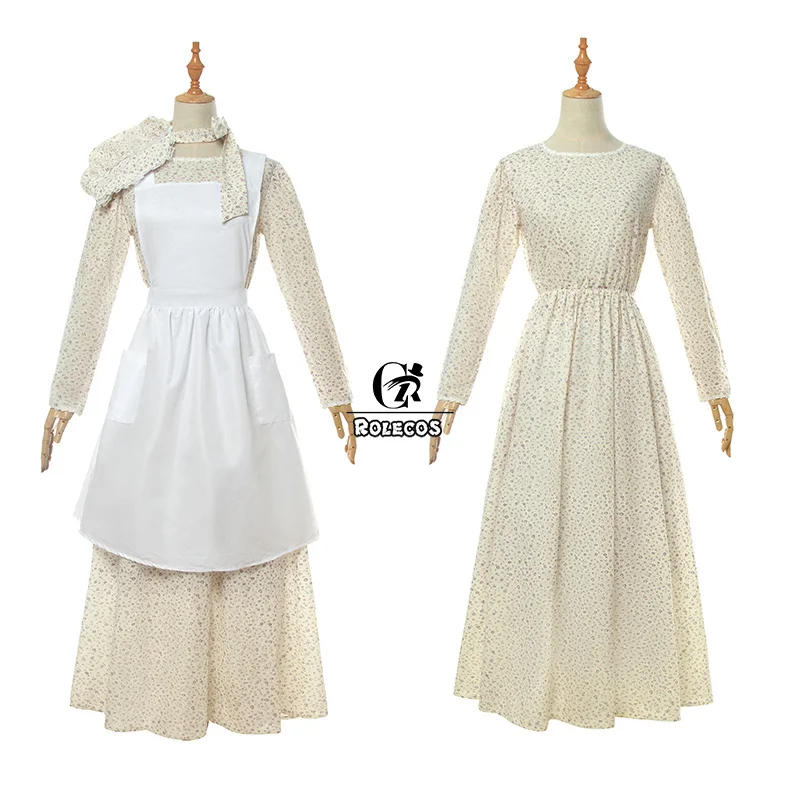 GC581D+GC577A-M-2-(1)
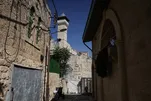 Hamas Says Law Banning Adhan Is Continuation of Israel’s Judaization Attempts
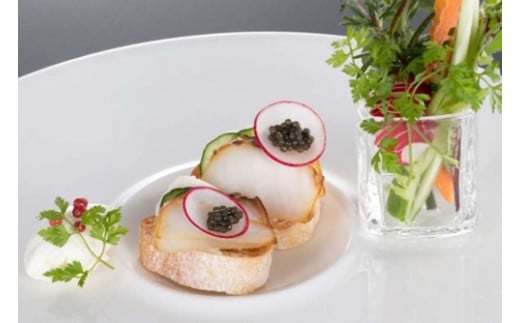 å·å 奥äŒå¢ ã¹ã¿ãŒãžã§ã³ã¹ã¢ãŒã¯ 2è¢ ïŒ ãªãŒã·ã£ã³ã»ãã©ã¹ã ãã§ãŠã¶ã¡ ã°ã«ã¡ ãã€ãŸã¿ çå³ åœç£ æž
æµæ°Ž èªç€Ÿå å·¥ ãèªå®
çš å®¶åºçš ã®ãã èŽççš äžéç 倧å°çº (359)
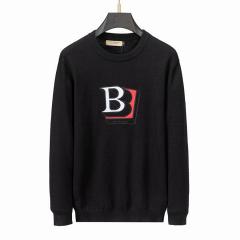 Burberry M-3XL  3011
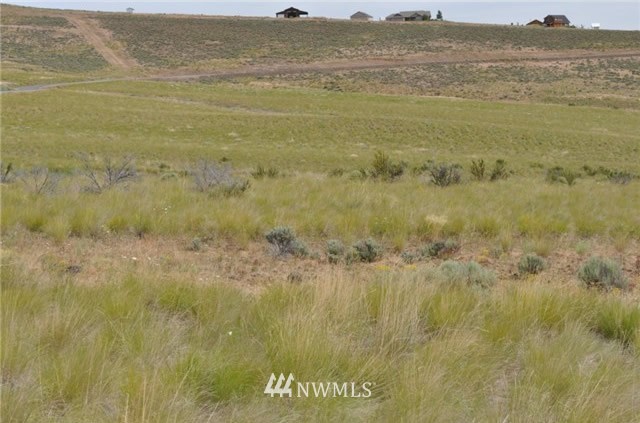 -xx High Ranch Road Ellensburg, WA 98926 - Photo 2 of 2 Gallery Image 2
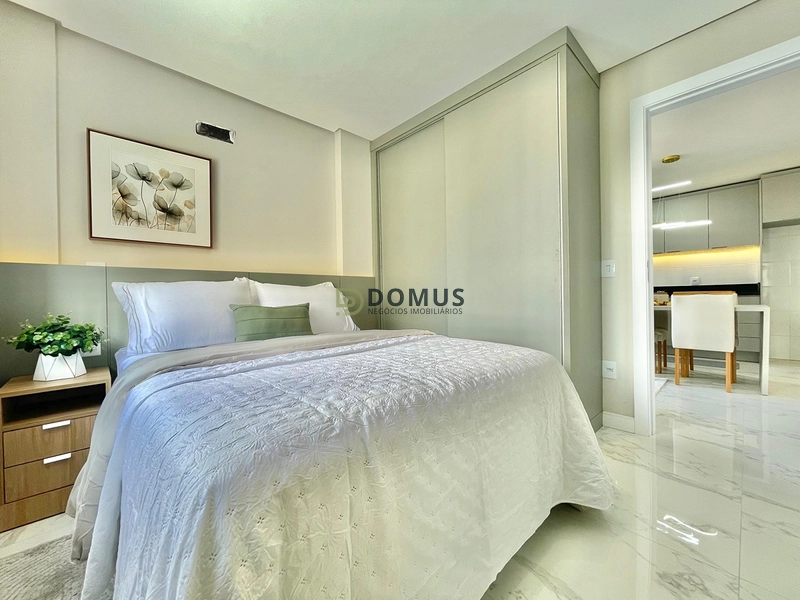 null: 6ª foto da galeria de imagens do imóvel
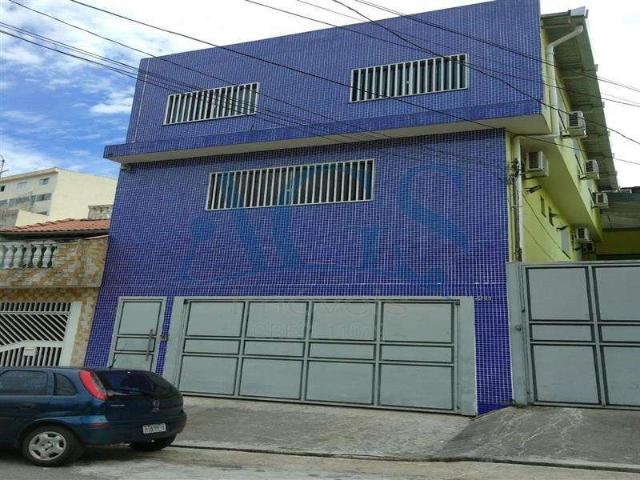 Escritorio venda em Região Imediata de São Paulo, Região Metropolitana de São Paulo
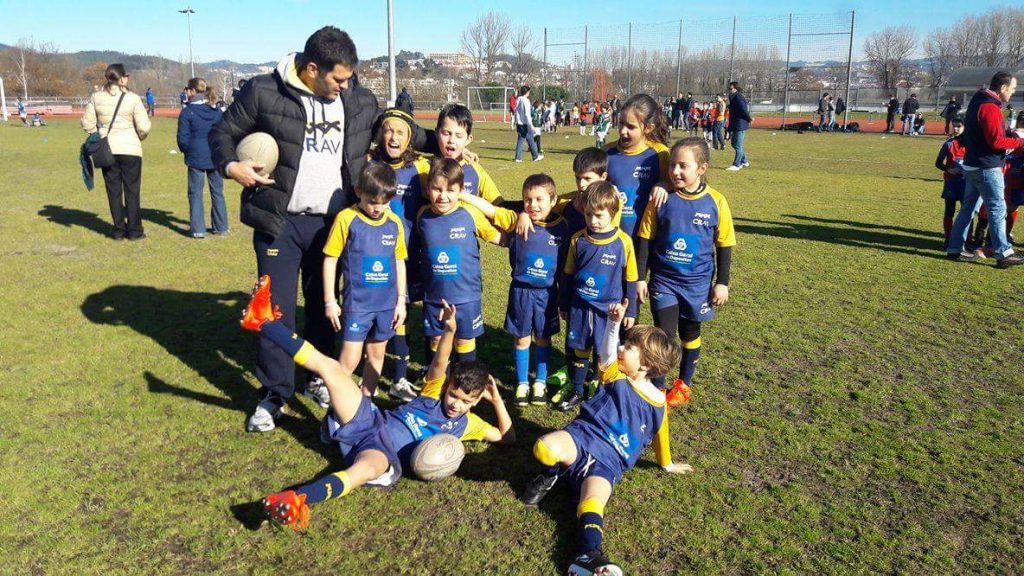 convivio_guimaraes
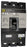 KAP3625029M - Square D - Seller Reconditioned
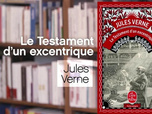 La p'tite librairie - 19/02/2026
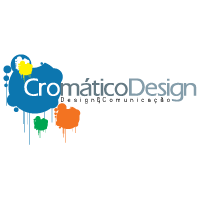Cromatico Design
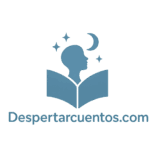 despertarcuentos.com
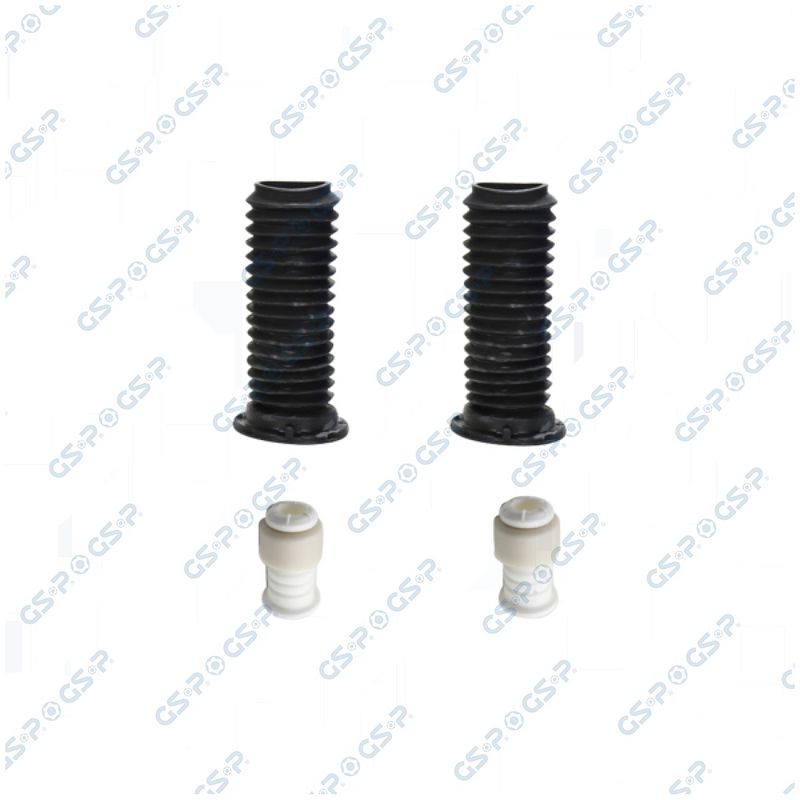 OEM код товара: 54034-4CL0C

[WORK INSTRUCTIONS]: Retype the whole listing exactly and leave the pictures out.

[SOLUTION]:
 GC581D+GC577A-M-2-(1)
 Hamas Says Law Banning Adhan Is Continuation of Israel’s Judaization Attempts
 å·å 奥äŒå¢ ã¹ã¿ãŒãžã§ã³ã¹ã¢ãŒã¯ 2è¢ ïŒ ãªãŒã·ã£ã³ã»ãã©ã¹ã ãã§ãŠã¶ã¡ ã°ã«ã¡ ãã€ãŸã¿ çå³ åœç£ æž
æµæ°Ž èªç€Ÿå å·¥ ãèªå®
çš å®¶åºçš ã®ãã èŽççš äžéç 倧å°çº (359)
 Burberry M-3XL  3011
 -xx High Ranch Road Ellensburg, WA 98926 - Photo 2 of 2 Gallery Image 2
 null: 6ª foto da galeria de imagens do imóvel
 Escritorio venda em Região Imediata de São Paulo, Região Metropolitana de São Paulo
 convivio_guimaraes
 KAP3625029M - Square D - Seller Reconditioned
 La p'tite librairie - 19/02/2026
Cromatico Design
 despertarcuentos.com
 OEM код товара: 54034-4CL0C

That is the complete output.